Could something else take its place? Perhaps there’s room for a lower-key All-Star Saturday-style event that doesn’t grind the league to a halt for a week. Imagine how many back-to-backs the NBA could knock off its schedule with seven extra days to work with. Maybe those days would be better used on an expanded In-Season Tournament, an event that drew rave reviews in its inaugural campaign. A 1-on-1 or 3-on-3 tournament has incredible potential. Still, it requires buy-in the league thus far hasn’t gotten from the traditional five-on-five format (and carries greater potential for the sort of embarrassment stars have avoided in the Dunk Contest).

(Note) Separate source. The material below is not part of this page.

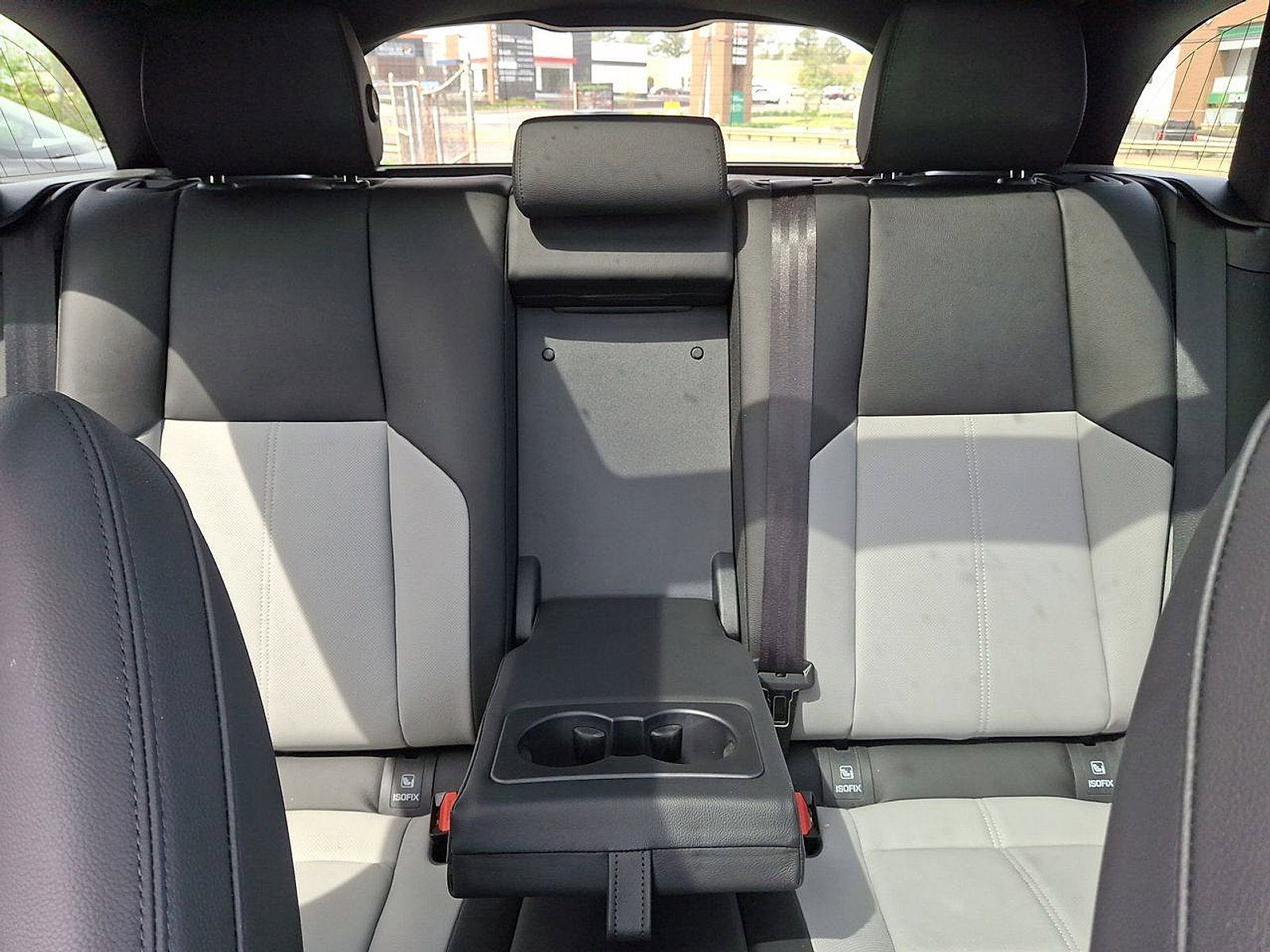 Certified 2026 Land Rover Range Rover Velar Dynamic SE AWD/4WD image 13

There are better ways to use this time than an All-Star Game that’s barely even a game anymore.
The most radical ideas are almost definitely off of the table. The non-star players who make up the bulk of the NBPA won’t want to give up their mid-season vacation. Star players may not care for the game itself, but they—and their agents—recognize how valuable the All-Star distinction can be in contract and endorsement negotiations and will fight tooth and nail to at least preserve the practice of naming rosters.
But none of this means all that much to the viewers who are tired of watching disappointing All-Star Games. What once was a rare opportunity to see the league’s best talent in one place has become a snoozefest that features those same players at their worst. If the players involved aren’t going to take it seriously, why should the fans? If the All-Star Game can’t find a purpose, it no longer needs to exist at all.